TASK STATEMENT
Go to the line containing "And last, add" below; retype it and all following lines exactly, and leave out the pictures.

DATA EXCERPT
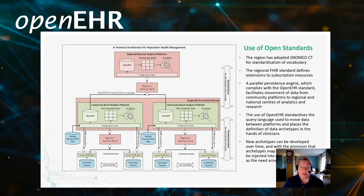The region has adopted SNOMED CT for the standardisation of vocabulary. This technical architecture diagram shows how we have aimed to use open standards through a parallel persistent engine complying with openEHR. This is still work in progress, but we have connected up for direct care and population health management our systems, mainly using HL7 FHIR as the interoperability standard through subscription and integration layers. We continue to work on extending that, using openEHR with Archetype Query Language, and as time moves on, new archetypes can be developed along with the associated provision.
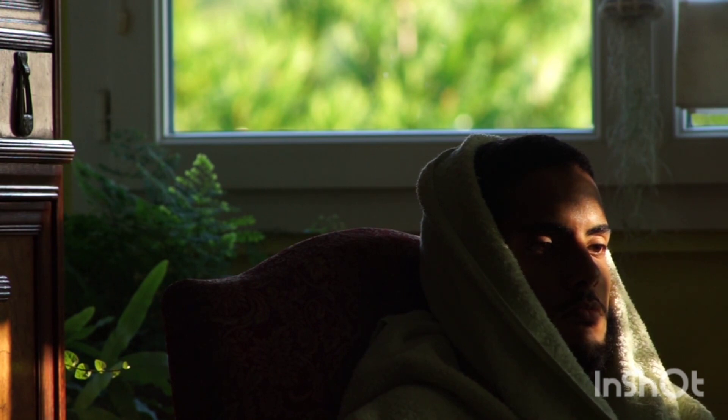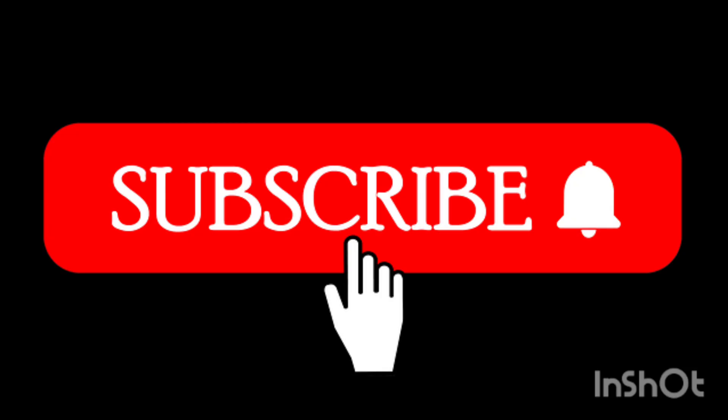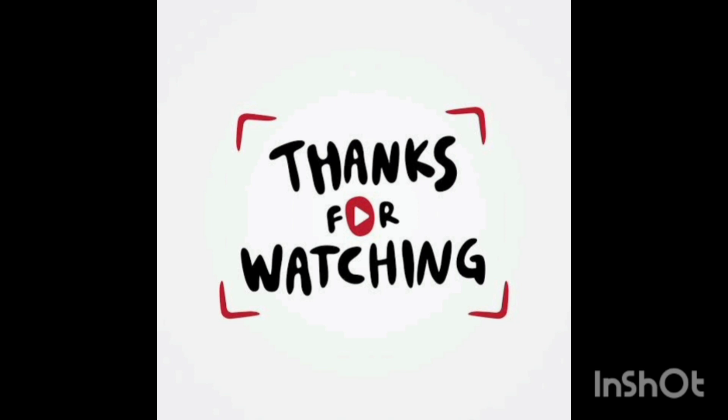If you want to see more content like this, please like this video. Please leave a comment. I will do my best to help. Please comment on this video, like and support, subscribe, and thank you for watching.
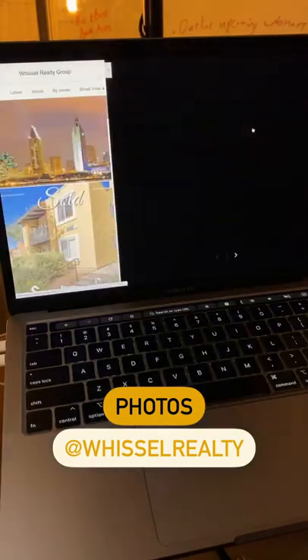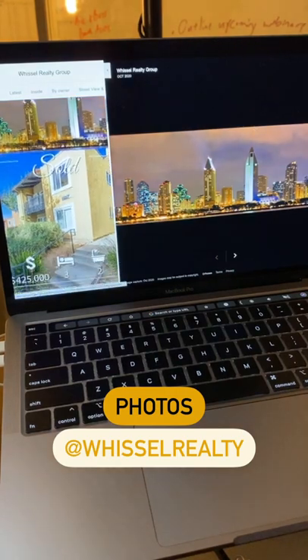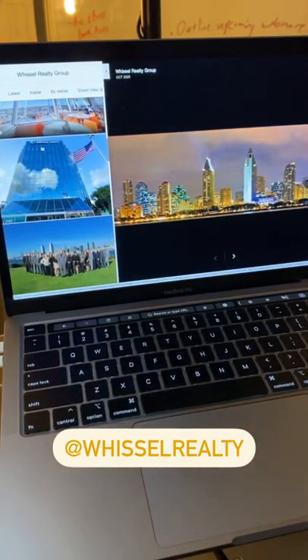And last, add lots of photos like the Whistle Realty Group in San Diego. Photos of your listings, photos of your team, photos of you. Just keep adding photos.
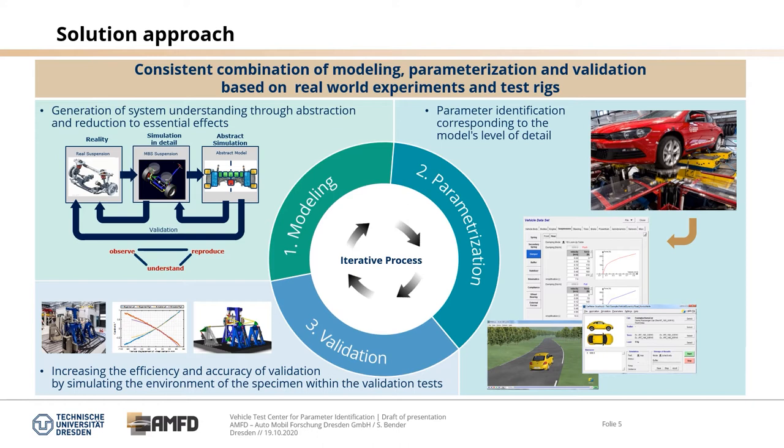In the parameterization process we do parameter identification corresponding to the different model levels of detail — shown here for a KNC measurement in combination with a car maker environment simulation. The validation target is to increase the efficiency and accuracy of validation by simulating the environment of the specimen within the validation test, and then with these results we return to this iterative process.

THE COMPLETED TASK
And last, add lots of photos like the Whistle Realty Group in San Diego. Photos of your listings, photos of your team, photos of you. Just keep adding photos.
In the parameterization process we do parameter identification corresponding to the different model levels of detail — shown here for a KNC measurement in combination with a car maker environment simulation. The validation target is to increase the efficiency and accuracy of validation by simulating the environment of the specimen within the validation test, and then with these results we return to this iterative process.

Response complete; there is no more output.